When a delinquent account is settled, the consumer’s credit report is typically updated with a notation indicating that the account is settled and that the consumer no longer owes a balance. If such an update is not made, the consumer may dispute the inaccurate information and the credit reporting bureau must delete the information if it is found to be inaccurate or its accuracy cannot be verified. 15 U.S.C. § 1681i (a)(5)(A)(i) (2011). Thus, even prior to the time the delinquencies are removed from the credit report, lenders will generally be able to see that the consumer took charge financially by settling the delinquent account(s). And, according to Experian (one of the three major credit reporting bureaus), the fact that a previously delinquent account has been settled and has a zero balance may help the consumer’s credit score to recover a bit more quickly than if the account remained unpaid. Ask Experian: Benefits of Paying a Collection Account (November 9, 2011) (on file with Wites Law Firm).
Further, when a delinquent account is settled the consumer is eliminating outstanding debt. Since one factor which may negatively impact credit is excessive debt, the elimination of debt is generally an improvement. Lenders who are considering extending credit will be able to see from the consumer’s credit report that the consumer’s total debt has been reduced.
(Consumers should periodically check their credit reports with the three major credit reporting bureaus, which are Experian, Equifax, and TransUnion. If anything is being improperly reported, the affected consumer should contact the credit reporting bureau to initiate a dispute. The credit reporting bureau must comply by removing inaccuracies or face civil liability to the consumer which may include any actual damages sustained, attorney’s fees and court costs, and, when the noncompliance is willful, punitive damages.)
While debt settlement has its advantages, in some cases bankruptcy may be a better option for certain debtors. For example, when a debtor is faced with multiple lawsuits over credit cards debts and does not have reasonable prospects of being able to negotiate a settlement to pay the debts, bankruptcy may be a solution.

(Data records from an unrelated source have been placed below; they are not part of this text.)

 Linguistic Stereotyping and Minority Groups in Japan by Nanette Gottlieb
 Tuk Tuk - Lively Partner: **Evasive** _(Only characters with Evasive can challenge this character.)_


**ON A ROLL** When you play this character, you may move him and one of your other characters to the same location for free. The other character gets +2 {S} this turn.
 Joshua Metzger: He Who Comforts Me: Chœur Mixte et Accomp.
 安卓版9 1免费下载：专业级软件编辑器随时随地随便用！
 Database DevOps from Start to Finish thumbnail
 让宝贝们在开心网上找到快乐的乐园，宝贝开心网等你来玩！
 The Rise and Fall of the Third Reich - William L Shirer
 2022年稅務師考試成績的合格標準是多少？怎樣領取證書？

This is because filing bankruptcy results in what is know as an “automatic stay.” With certain exceptions, the automatic stay stops all collection efforts and halts all lawsuits and proceedings to enforce judgments against the debtor. This includes, but is not limited to, lawsuits and proceedings relating to personal, unsecured credit card debts. 11 USCS § 362 (2011).

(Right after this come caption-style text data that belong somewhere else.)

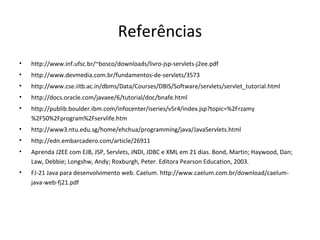 Referências
•   http://www.inf.ufsc.br/~bosco/downloads/livro-jsp-servlets-j2ee.pdf
•   http://www.devmedia.com.br/fundamentos-de-servlets/3573
•   http://www.cse.iitb.ac.in/dbms/Data/Courses/DBIS/Software/servlets/servlet_tutorial.html
•   http://docs.oracle.com/javaee/6/tutorial/doc/bnafe.html
•   http://publib.boulder.ibm.com/infocenter/iseries/v5r4/index.jsp?topic=%2Frzamy
    %2F50%2Fprogram%2Fservlife.htm
•   http://www3.ntu.edu.sg/home/ehchua/programming/java/JavaServlets.html
•   http://edn.embarcadero.com/article/26911
•   Aprenda J2EE com EJB, JSP, Servlets, JNDI, JDBC e XML em 21 dias. Bond, Martin; Haywood, Dan;
    Law, Debbie; Longshw, Andy; Roxburgh, Peter. Editora Pearson Education, 2003.
•   FJ-21 Java para desenvolvimento web. Caelum. http://www.caelum.com.br/download/caelum-
    java-web-fj21.pdf
 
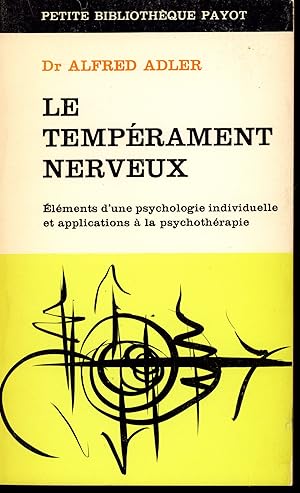 Bild des Verkufers fr Le temprament nerveux : Elments d'une psychologie individuelle et applications  la psychothrapie zum Verkauf von Bouquinerie Le Fouineur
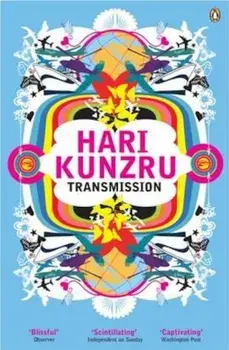 Transmission, Paperback/Hari Kunzru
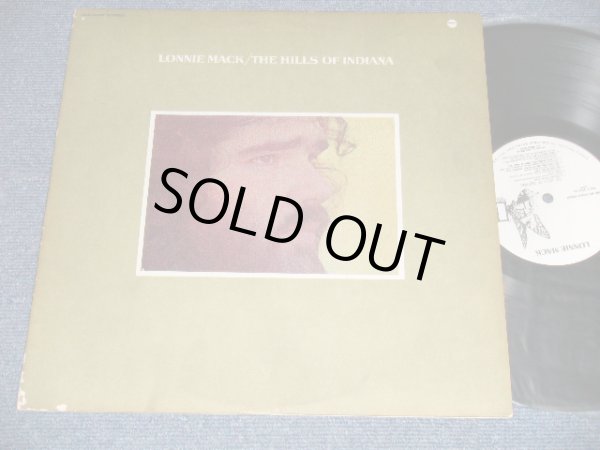 画像1: LONNIE MACK - THE HILLS OF INDIANA (Ex/Ex+++ BB for PROMO)/  1971 US AMERICA ORIGINAL "WHITE LABEL PROMO" Used LP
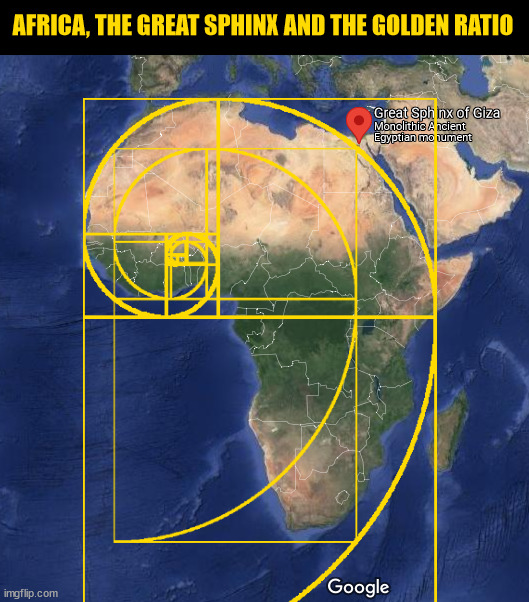 Africa, The Great Sphinx and the Golden Ratio. |  AFRICA, THE GREAT SPHINX AND THE GOLDEN RATIO | image tagged in africa,egypt,the great sphinx,the golden ratio,geometry | made w/ Imgflip meme maker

Another advantage of bankruptcy is that the time frame for being discharged of one’s debts may be relatively short. For example, in an uncomplicated Chapter 7 liquidation, a debtor’s debts could be discharged within a matter of a few months. However, this will not always be the case and, in contrast, a Chapter 13 adjustment of debts will require monthly payments to be made over time to creditors, and as such, could take several years to complete. Also, bankruptcy likely will cost far less to complete then negotiating settlements of your debts, which of course must be paid.
In sum, whether debt settlement or bankruptcy is a better choice for resolving overwhelming debt depends upon the circumstances. Debt settlement and bankruptcy each present their own unique advantages for consumers faced with the prospect of inability to pay their debts. In deciding which choice is better, consumers should take the time to do some research, and it is always a good idea to consult with an attorney who has experience in dealing with such issues.